*** Opening Data for analysis ***

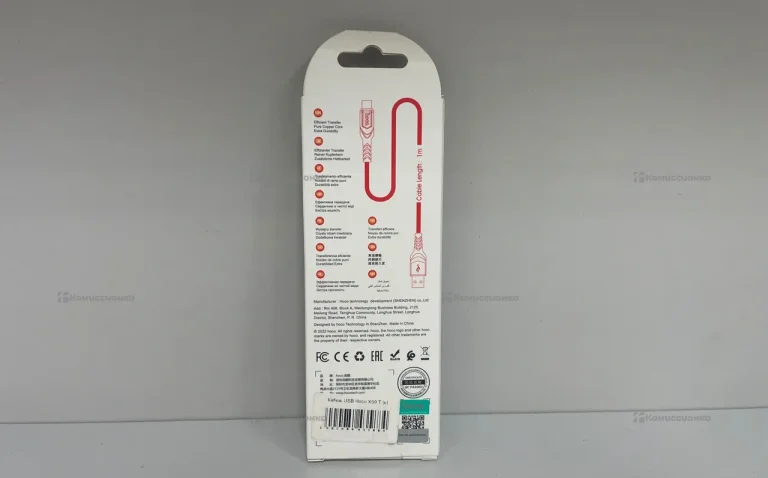 Кабель USB Hoco X59 T (к)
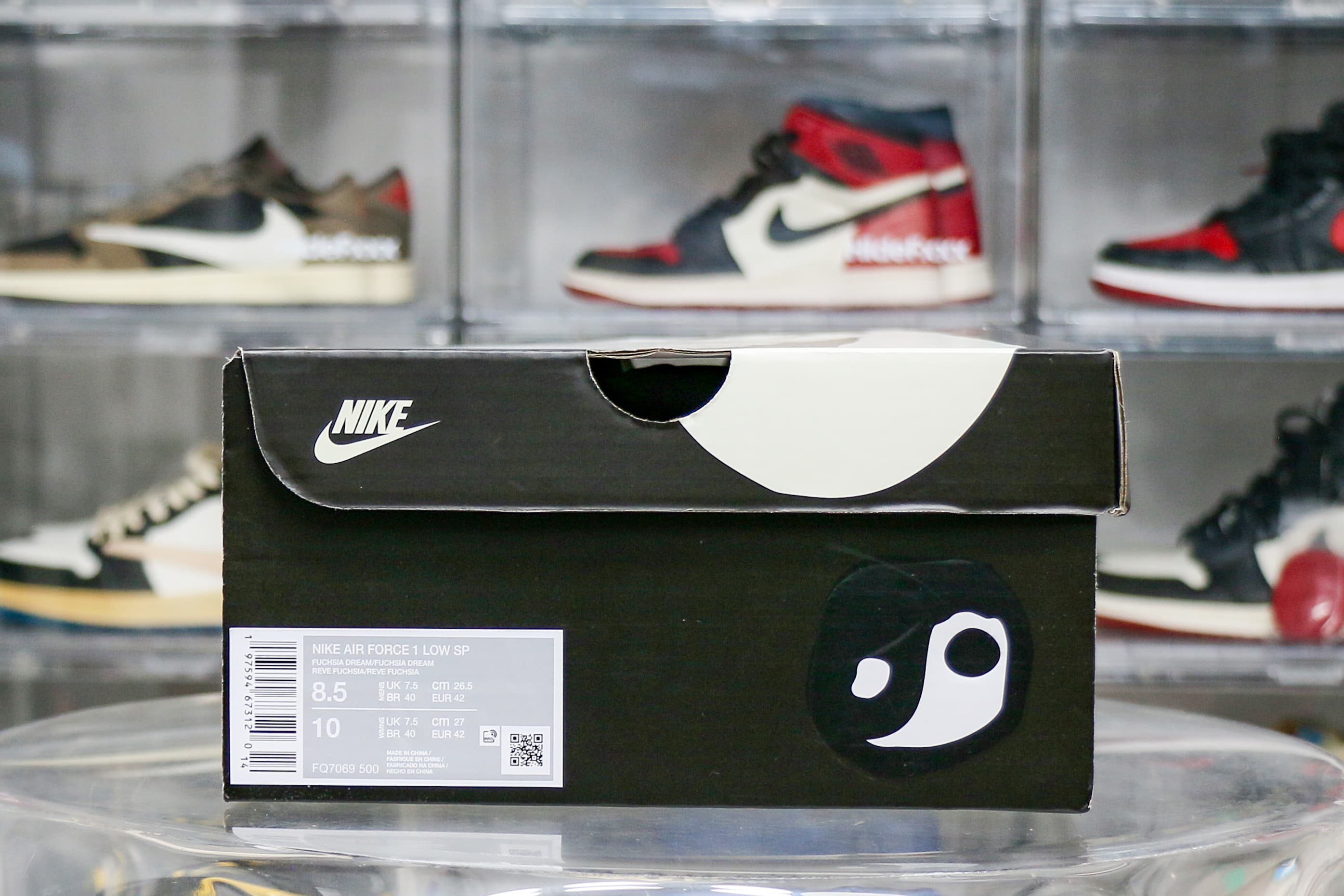 Cactus Plant Flea Market X Air Force 1 Low Premium Fuchsia Dream (LN5 A1 Batch)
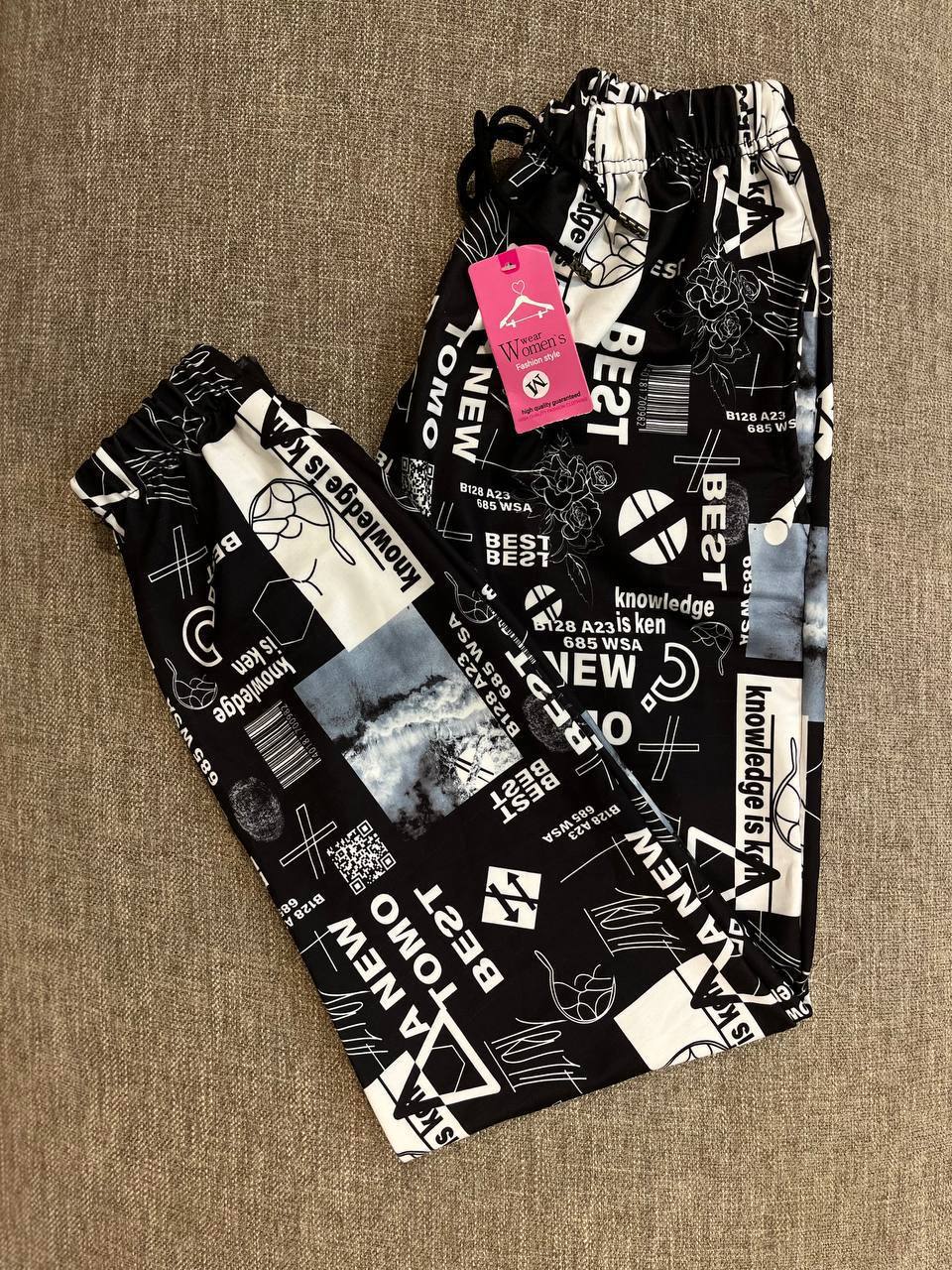 Printed SweatPants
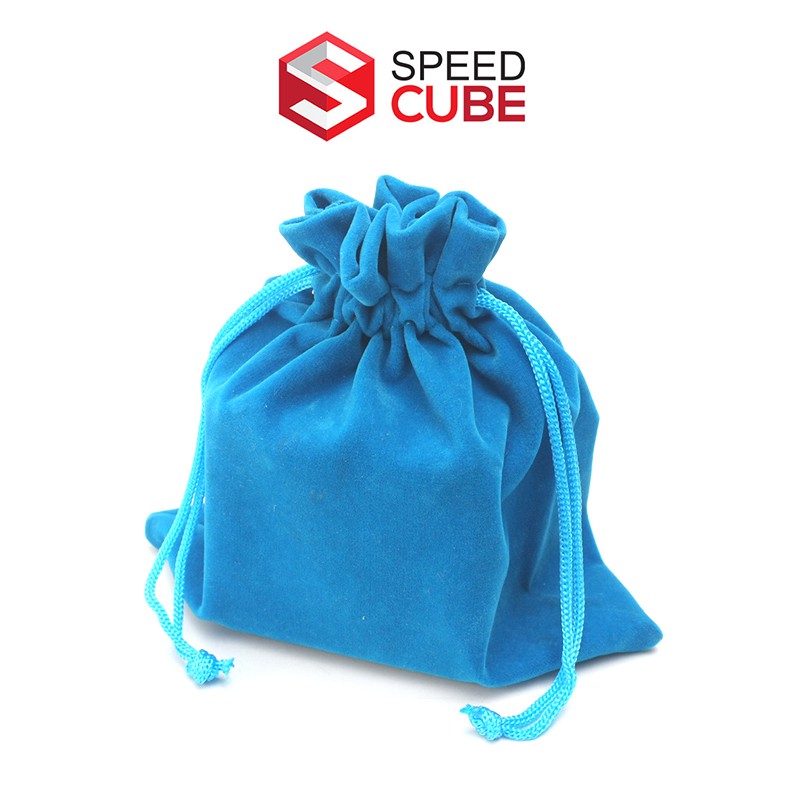 Túi Đựng Rubik Dây Rút Vải Nhung Nhiều Màu Phù Hợp Các Loại Cube 2x2 3x3 4x4 5x5 - Shop Speed Cube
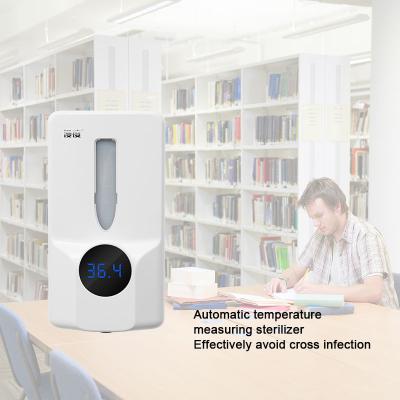 China Máquina automática de la desinfección de la medida de la temperatura sin el lavado en venta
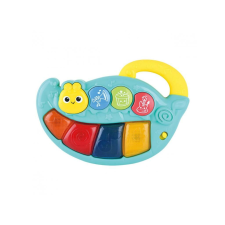  Play Baby zenélő billentyűzet hernyós játékhangszer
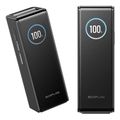 ecoflow rapid power bank silver 25000mah 170w extra photo 1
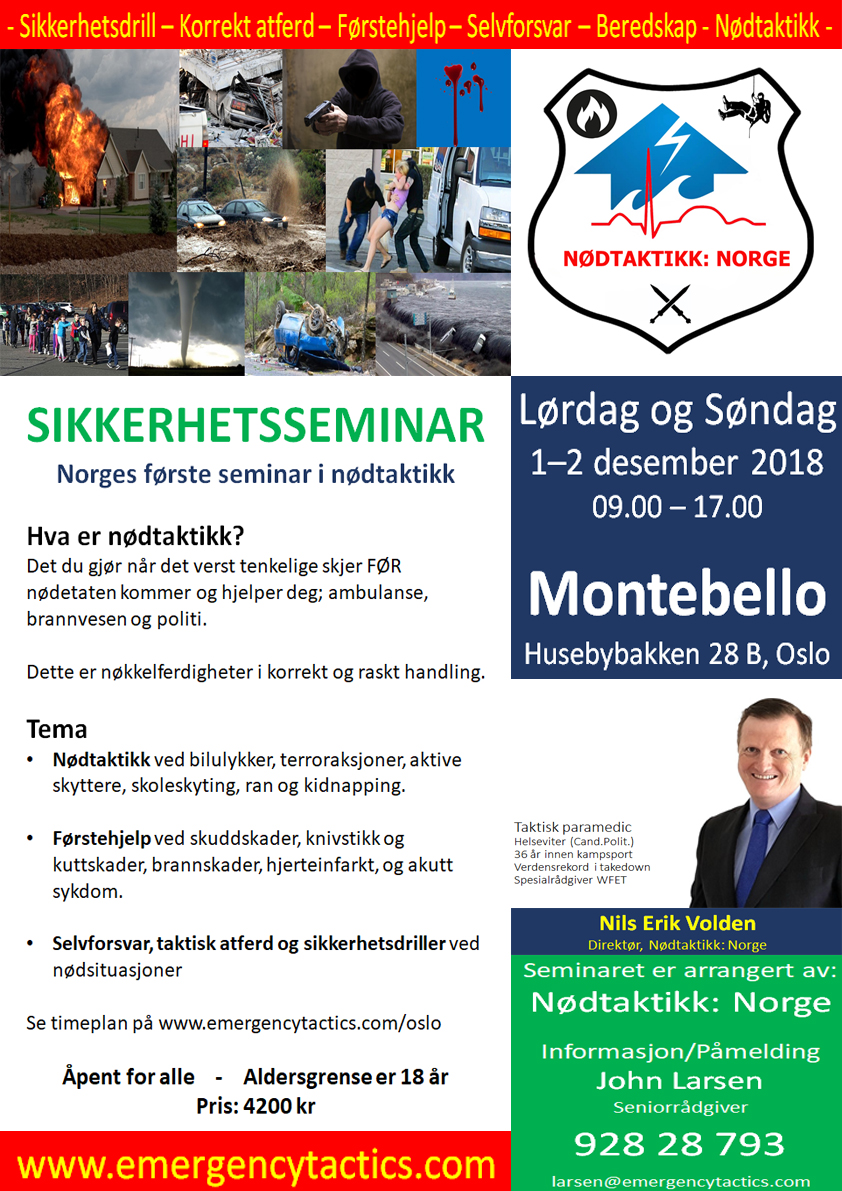 Nødtaktikk plakat oslo.jpg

*** Closing Data for analysis ***

* Goal of the exercise:
To answer, repeat exactly the lines from the line containing "Túi Đựng Rubik" through the last line of the data above, leaving out all pictures.

* Solution for this exercise:
 Túi Đựng Rubik Dây Rút Vải Nhung Nhiều Màu Phù Hợp Các Loại Cube 2x2 3x3 4x4 5x5 - Shop Speed Cube
 China Máquina automática de la desinfección de la medida de la temperatura sin el lavado en venta
  Play Baby zenélő billentyűzet hernyós játékhangszer
 ecoflow rapid power bank silver 25000mah 170w extra photo 1
 Nødtaktikk plakat oslo.jpg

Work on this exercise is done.